Record excerpts ▸
______
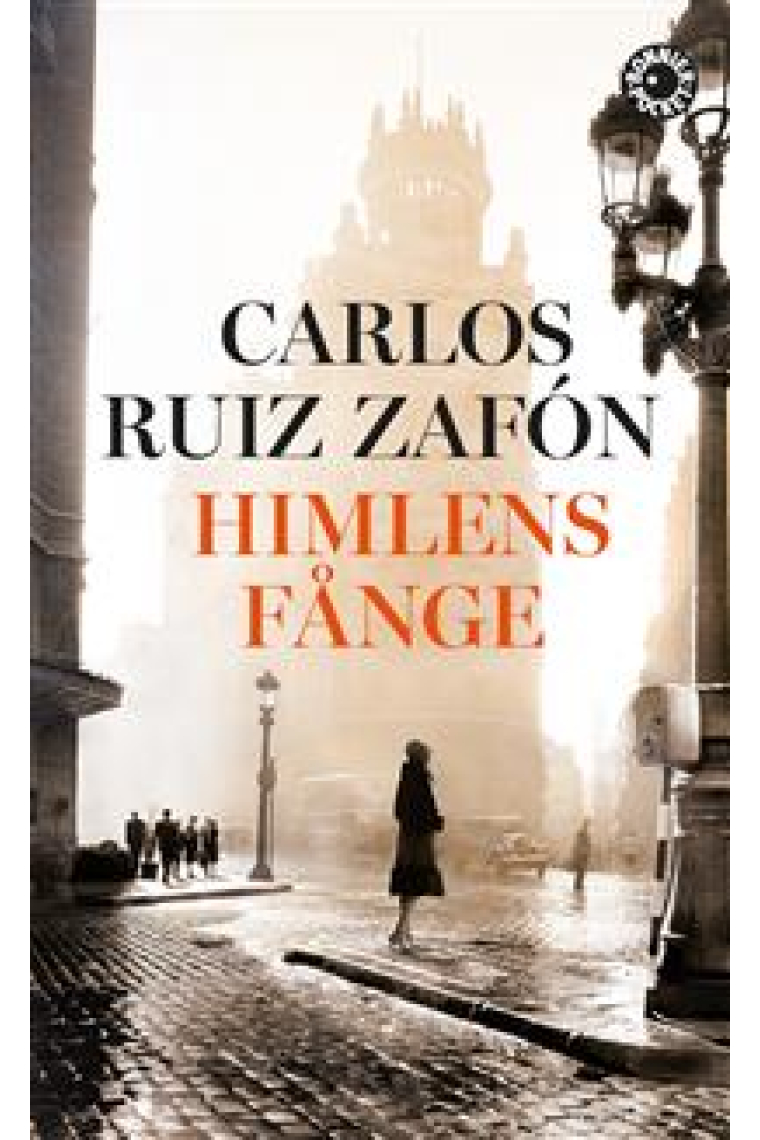 Himlens fånge/ El prisionero del cielo (Sueco)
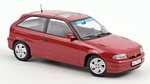 Opel Astra GSI 1991 (Red)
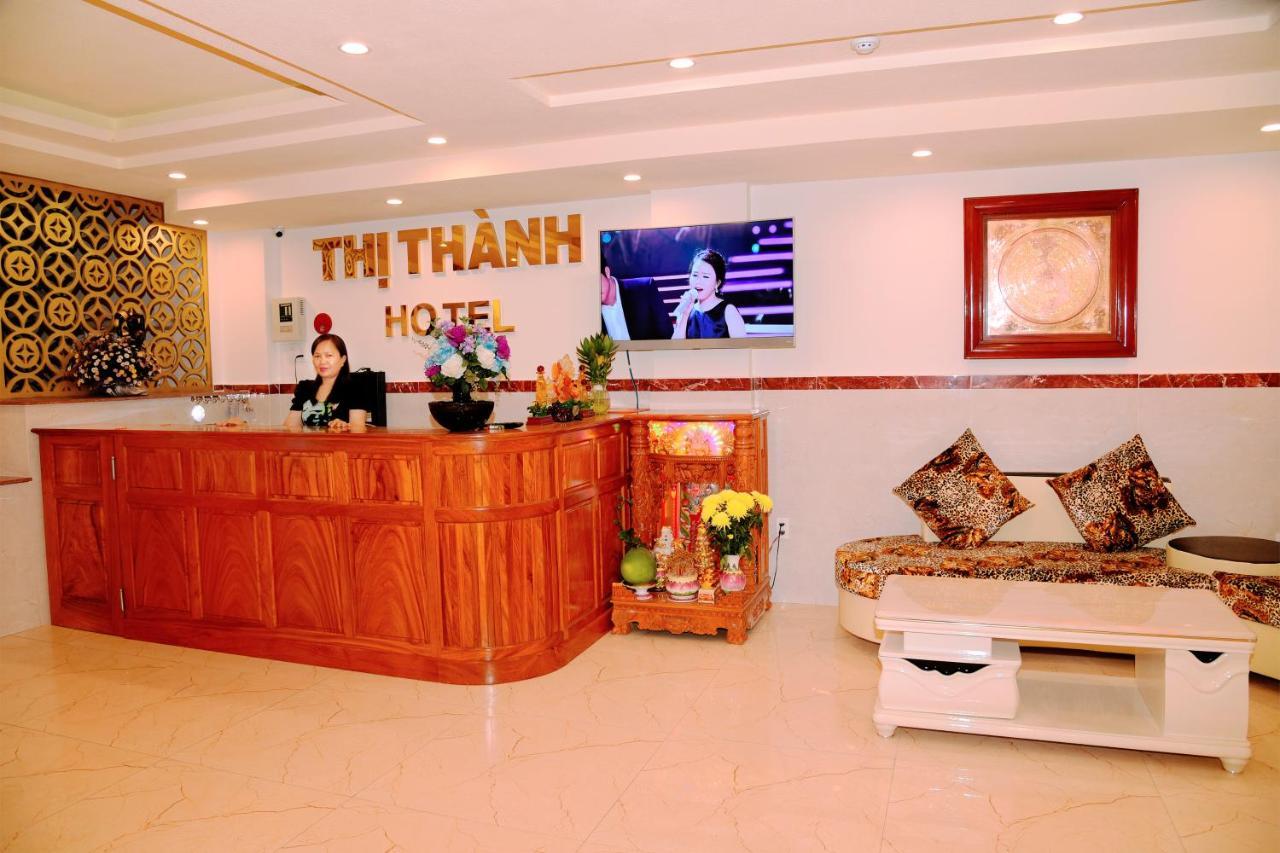 Hotel Thi Thanh *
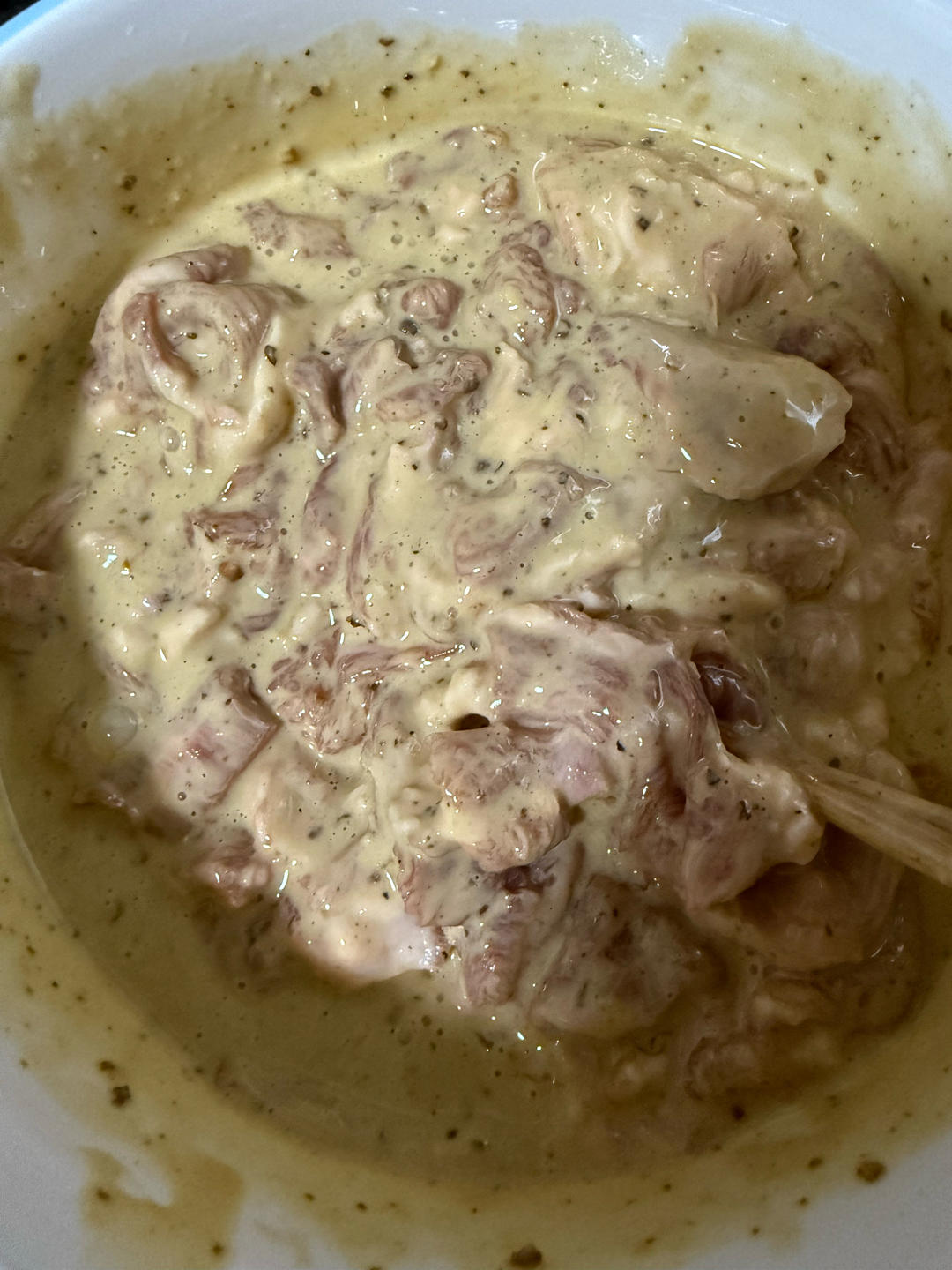 香死人不偿命的干炸小酥肉（特别简单）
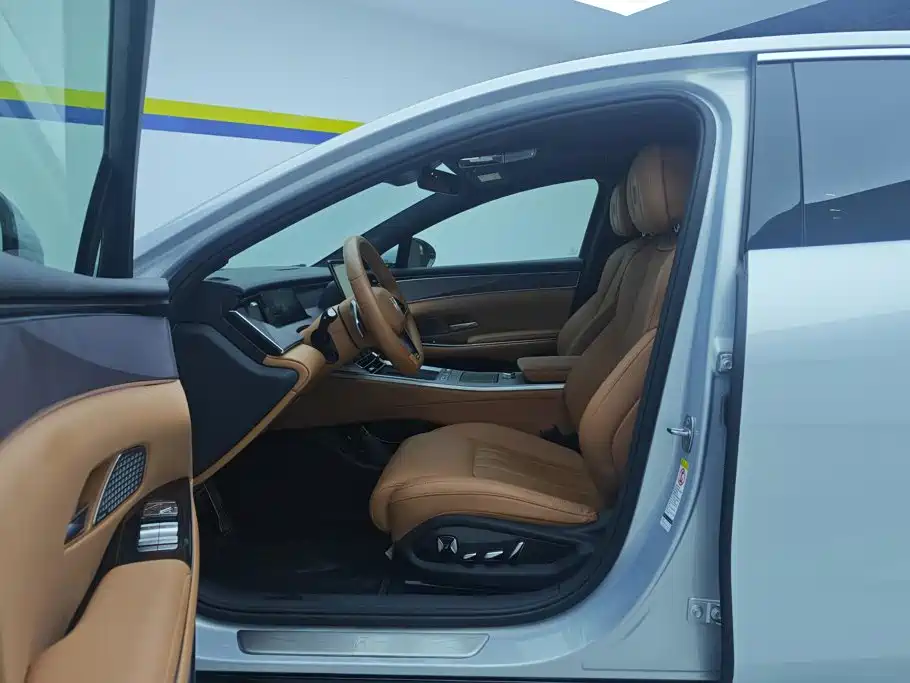 BYD Han L 2025 2025 EV AWD LiDAR Flagship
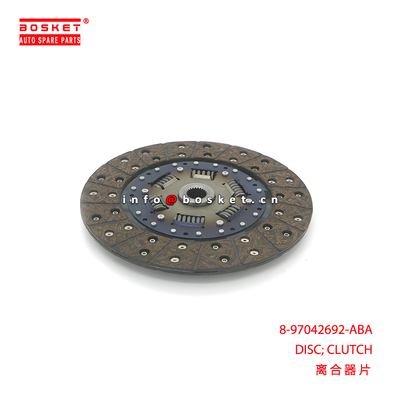 8-97042692-ABA DISC; CLUTCH suitable for ISUZU 4BD1 8970426920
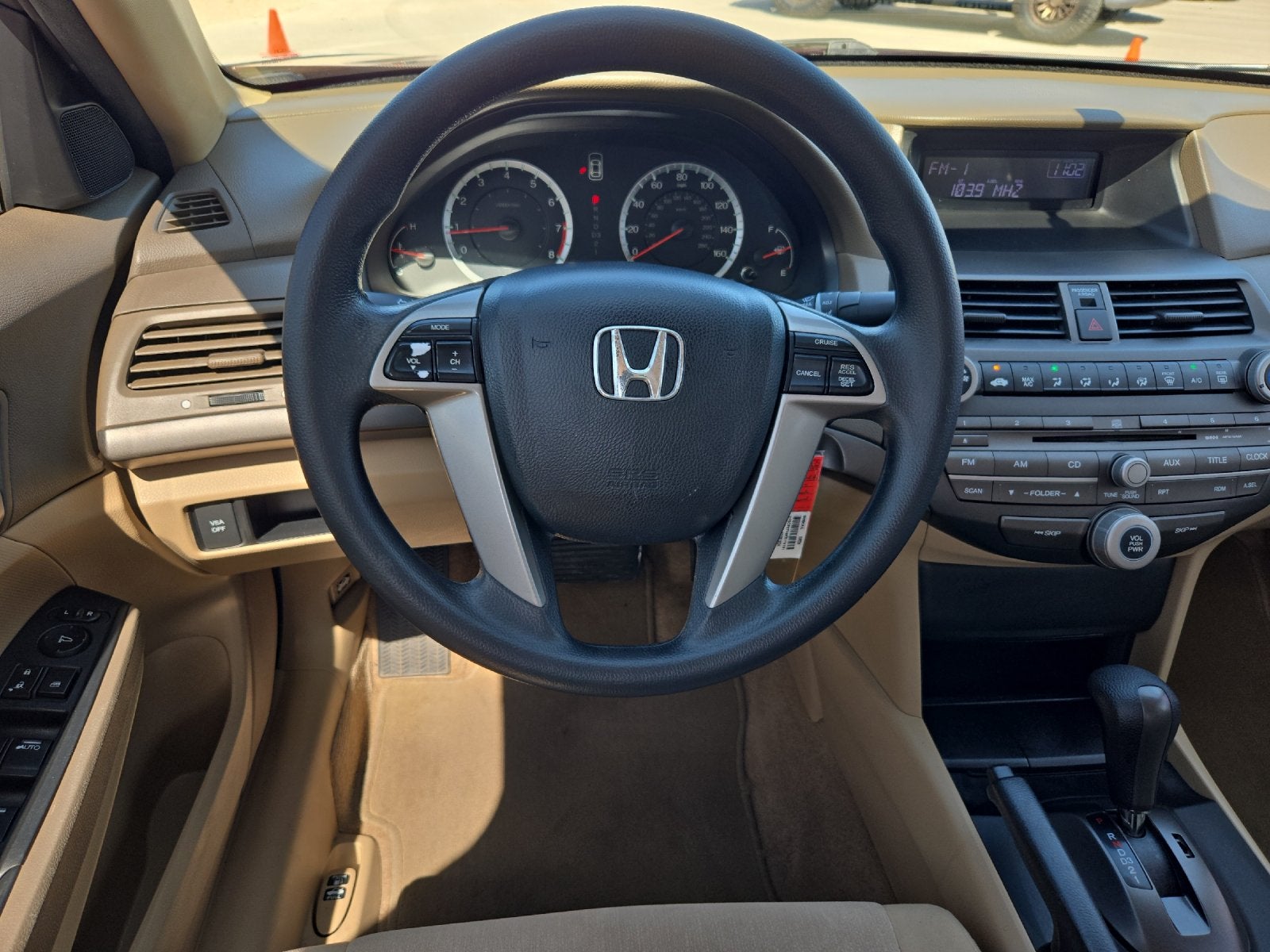 2010 Honda Accord LX-P 2.4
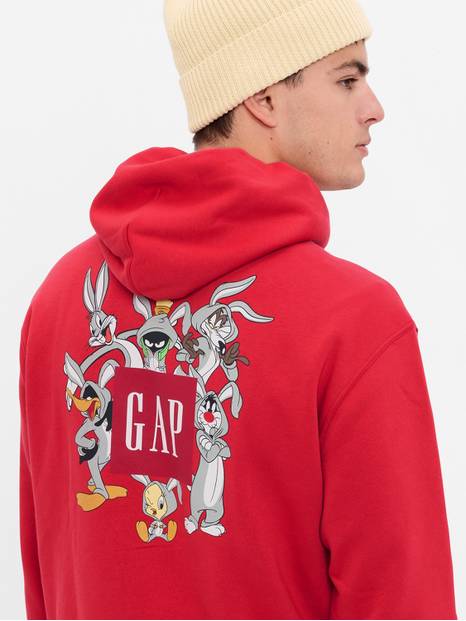 Gap And WB Looney Tunes Hoodie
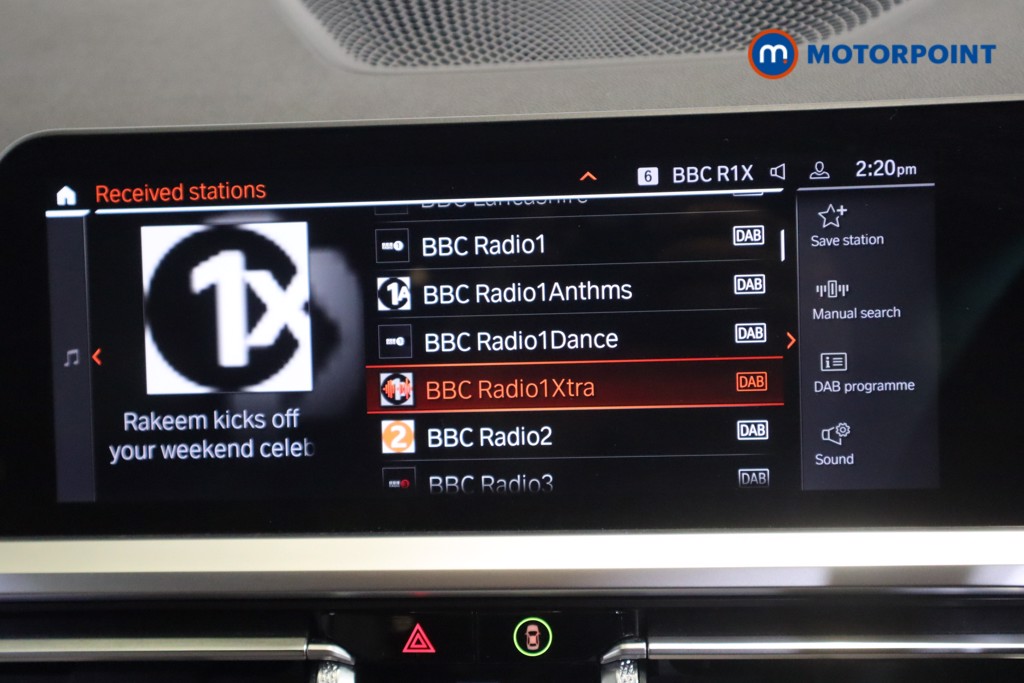 BMW 3 Series M Sport Automatic Petrol Estate - Stock Number (1582388) - 19th supplementary image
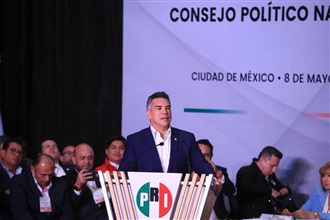 APRUEBA CONSEJO POLÍTICO NACIONAL, CON 518 VOTOS A FAVOR, AMPLIACIÓN DE DIRIGENCIA DE ALEJANDRO MORENO Y C...
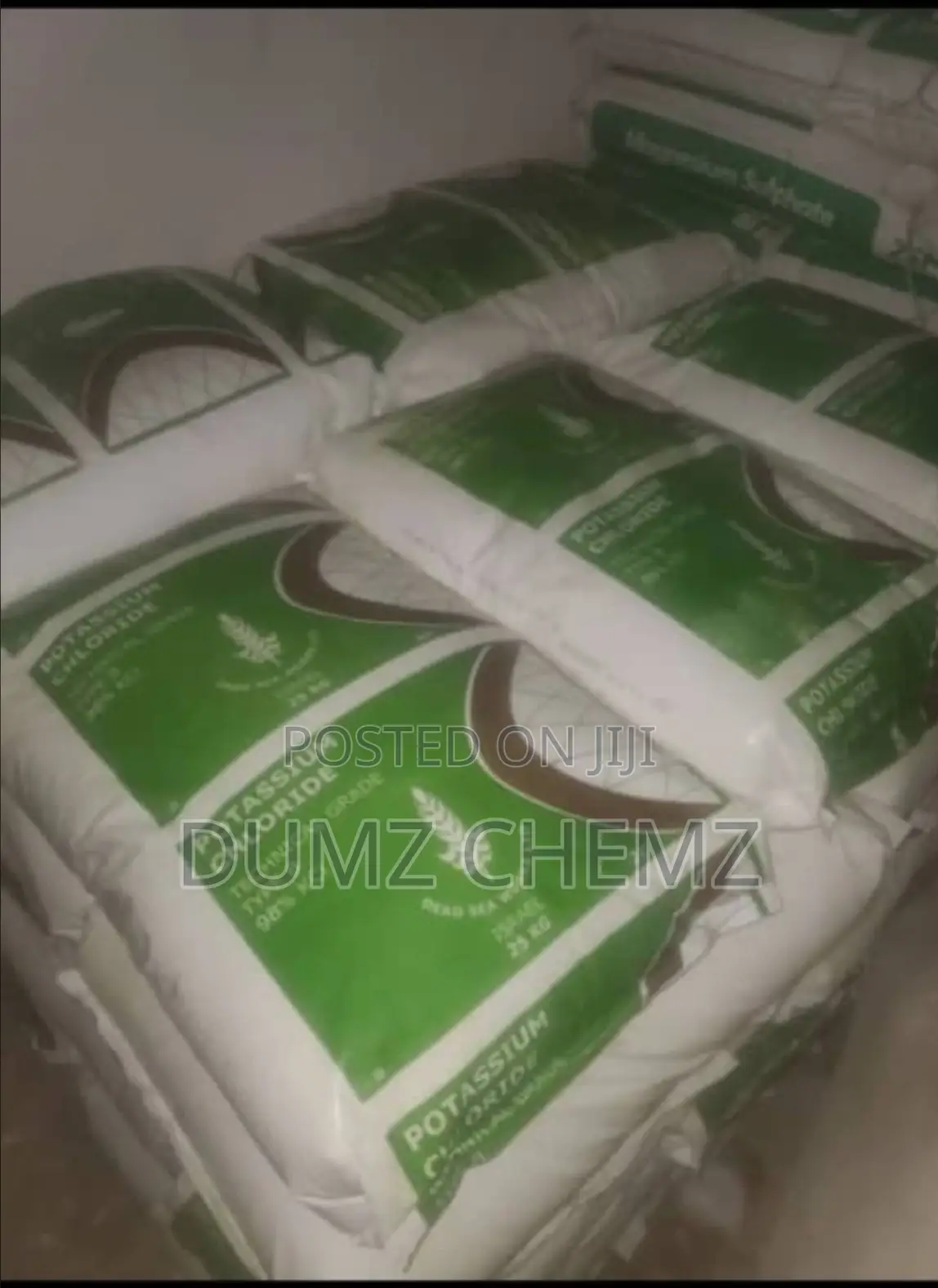 Potassium Chloride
______
Exercise instructions ▸
What is needed is an exact printout of all the entries, without the pictures.

Completed task ▸
 Himlens fånge/ El prisionero del cielo (Sueco)
 Opel Astra GSI 1991 (Red)
 Hotel Thi Thanh *
 香死人不偿命的干炸小酥肉（特别简单）
 BYD Han L 2025 2025 EV AWD LiDAR Flagship
 8-97042692-ABA DISC; CLUTCH suitable for ISUZU 4BD1 8970426920
 2010 Honda Accord LX-P 2.4
 Gap And WB Looney Tunes Hoodie
 BMW 3 Series M Sport Automatic Petrol Estate - Stock Number (1582388) - 19th supplementary image
 APRUEBA CONSEJO POLÍTICO NACIONAL, CON 518 VOTOS A FAVOR, AMPLIACIÓN DE DIRIGENCIA DE ALEJANDRO MORENO Y C...
 Potassium Chloride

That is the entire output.